### Problem to work on:
From the line that includes "Siêu Phàm Truyện: Chapter 102" down to the final line of the data below, copy every line exactly and leave the rest out.

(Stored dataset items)
--- START ---

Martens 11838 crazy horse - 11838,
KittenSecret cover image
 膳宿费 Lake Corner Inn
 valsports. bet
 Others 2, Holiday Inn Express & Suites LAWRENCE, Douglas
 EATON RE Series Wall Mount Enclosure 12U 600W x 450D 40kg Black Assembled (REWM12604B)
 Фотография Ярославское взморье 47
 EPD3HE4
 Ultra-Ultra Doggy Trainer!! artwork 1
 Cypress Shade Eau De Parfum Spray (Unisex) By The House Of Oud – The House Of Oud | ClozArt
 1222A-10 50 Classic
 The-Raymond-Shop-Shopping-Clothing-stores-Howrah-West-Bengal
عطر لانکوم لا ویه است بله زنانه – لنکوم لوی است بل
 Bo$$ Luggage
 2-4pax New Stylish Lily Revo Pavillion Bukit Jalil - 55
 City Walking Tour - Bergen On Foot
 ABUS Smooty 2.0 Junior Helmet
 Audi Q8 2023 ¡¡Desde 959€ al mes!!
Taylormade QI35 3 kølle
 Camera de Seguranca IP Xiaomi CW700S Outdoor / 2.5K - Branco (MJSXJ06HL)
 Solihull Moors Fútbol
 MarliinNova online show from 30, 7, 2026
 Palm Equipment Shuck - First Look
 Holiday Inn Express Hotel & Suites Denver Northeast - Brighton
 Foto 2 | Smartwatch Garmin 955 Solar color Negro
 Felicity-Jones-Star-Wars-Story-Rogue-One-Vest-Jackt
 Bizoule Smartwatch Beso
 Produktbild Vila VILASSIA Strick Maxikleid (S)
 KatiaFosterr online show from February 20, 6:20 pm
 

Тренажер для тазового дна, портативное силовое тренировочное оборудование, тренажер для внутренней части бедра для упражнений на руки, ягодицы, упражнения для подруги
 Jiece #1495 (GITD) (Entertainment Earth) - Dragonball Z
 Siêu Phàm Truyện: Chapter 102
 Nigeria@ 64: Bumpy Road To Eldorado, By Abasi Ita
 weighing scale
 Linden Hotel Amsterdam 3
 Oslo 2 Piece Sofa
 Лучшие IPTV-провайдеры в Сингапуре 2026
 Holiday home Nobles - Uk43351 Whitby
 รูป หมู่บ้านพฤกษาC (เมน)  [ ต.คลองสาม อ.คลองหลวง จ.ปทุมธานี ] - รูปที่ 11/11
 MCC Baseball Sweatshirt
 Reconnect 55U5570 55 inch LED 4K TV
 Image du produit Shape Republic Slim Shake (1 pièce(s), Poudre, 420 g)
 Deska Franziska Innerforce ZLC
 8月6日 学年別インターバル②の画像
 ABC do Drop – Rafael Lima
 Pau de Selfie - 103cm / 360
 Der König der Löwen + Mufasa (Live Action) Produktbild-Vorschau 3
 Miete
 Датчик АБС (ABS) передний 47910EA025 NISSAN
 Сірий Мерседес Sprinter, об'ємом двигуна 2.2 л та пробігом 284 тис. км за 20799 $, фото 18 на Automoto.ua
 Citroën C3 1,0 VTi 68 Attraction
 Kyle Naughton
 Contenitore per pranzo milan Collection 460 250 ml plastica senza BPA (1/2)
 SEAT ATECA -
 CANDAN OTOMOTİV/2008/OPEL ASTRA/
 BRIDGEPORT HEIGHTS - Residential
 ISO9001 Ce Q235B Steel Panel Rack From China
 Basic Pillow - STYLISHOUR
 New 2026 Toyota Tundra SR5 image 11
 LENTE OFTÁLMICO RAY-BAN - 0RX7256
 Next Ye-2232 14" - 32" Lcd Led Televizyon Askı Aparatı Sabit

--- END ---

### Answer area:
 Siêu Phàm Truyện: Chapter 102
 Nigeria@ 64: Bumpy Road To Eldorado, By Abasi Ita
 weighing scale
 Linden Hotel Amsterdam 3
 Oslo 2 Piece Sofa
 Лучшие IPTV-провайдеры в Сингапуре 2026
 Holiday home Nobles - Uk43351 Whitby
 รูป หมู่บ้านพฤกษาC (เมน)  [ ต.คลองสาม อ.คลองหลวง จ.ปทุมธานี ] - รูปที่ 11/11
 MCC Baseball Sweatshirt
 Reconnect 55U5570 55 inch LED 4K TV
 Image du produit Shape Republic Slim Shake (1 pièce(s), Poudre, 420 g)
 Deska Franziska Innerforce ZLC
 8月6日 学年別インターバル②の画像
 ABC do Drop – Rafael Lima
 Pau de Selfie - 103cm / 360
 Der König der Löwen + Mufasa (Live Action) Produktbild-Vorschau 3
 Miete
 Датчик АБС (ABS) передний 47910EA025 NISSAN
 Сірий Мерседес Sprinter, об'ємом двигуна 2.2 л та пробігом 284 тис. км за 20799 $, фото 18 на Automoto.ua
 Citroën C3 1,0 VTi 68 Attraction
 Kyle Naughton
 Contenitore per pranzo milan Collection 460 250 ml plastica senza BPA (1/2)
 SEAT ATECA -
 CANDAN OTOMOTİV/2008/OPEL ASTRA/
 BRIDGEPORT HEIGHTS - Residential
 ISO9001 Ce Q235B Steel Panel Rack From China
 Basic Pillow - STYLISHOUR
 New 2026 Toyota Tundra SR5 image 11
 LENTE OFTÁLMICO RAY-BAN - 0RX7256
 Next Ye-2232 14" - 32" Lcd Led Televizyon Askı Aparatı Sabit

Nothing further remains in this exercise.